Shoftim September 6, 2024 / 3 Elul 5784

THE POWER OF GOD’S LOVE

This Dvar Torah was inspired by words from Rabbi David Wolpe

This week’s Torah text centers on a list of God’s direct instructions to follow lest we suffer very harsh consequences.  In 2024, we are not called upon to accept these instructions literally because many of them deal with obsolete circumstances, and because even our Talmudic sages 2000 years ago did not then enforce the harsh punishments indicated.  Perhaps the Torah in truth sets us up to intentionally expose human reactions that reflect compassion, mercy, and even righteous indignation.

Let us focus on a few choice phrases that actually redirect us from Fear of the Divine to Divine Love.  Of course, the iconic phrase in verse 20 of chapter 16: “Tzedek Tzedek Tirdof” – Justice, justice shall you pursue” stands out among the rest, not just on the wall of Justice Ruth Bader Ginsburg’s office, but as the ultimate goal of human society.  The reality is somewhat more blurry and underplayed at present, helter skelter and out of control in every corner of our world.  Still, the phrase begs us towards the politics of civil society and how God can lift us up and make us feel good and whole.  Verse 2 of chapter 17 references God’s brit – God’s covenant, an intractable relationship, unlike a business transaction, rather a mutuality that cannot be broken, especially by God.  God is present in both joy and sadness, in contentment and in suffering.  Our covenant is built and executed by and with God’s unconditional love for us.

According to the late Rabbi Jonathan Sacks, “the irony is that there is nothing like this in the political discourse of the contemporary state of Israel.
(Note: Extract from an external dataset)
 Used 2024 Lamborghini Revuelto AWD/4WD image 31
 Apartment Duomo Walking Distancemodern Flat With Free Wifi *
The politics of Israel is secular in its language and ideas. Its founders were driven by high ideals, but they owed more to Marx, Tolstoy or Nietzsche than to Moses.”
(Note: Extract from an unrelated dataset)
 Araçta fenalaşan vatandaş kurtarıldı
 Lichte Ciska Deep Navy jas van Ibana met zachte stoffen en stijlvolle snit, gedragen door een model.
The late Israeli Professor Daniel Elazar wrote that whenever in the past Jews lost their religious vision, or when religion became a divisive rather than a uniting force, eventually they lost their sovereignty also. In four thousand years of history there has never been, in Israel or outside, a sustained secular Jewish survival.

This is not a conversation about the merits and pitfalls of nationalism, nor about the lack of clarity regarding the appropriate relationship of religion and state in a democracy.  Here I refer rather to a vision of redemption for all, driven by human initiative.  Yet, left to the hoped for human drive for justice, and respect for all humanity, we have not made much progress.  So, looking toward a higher power, an unseen and spiritual scaffolding, the sheltering presence of the Divine, may offer us a way to maintain hope and move forward.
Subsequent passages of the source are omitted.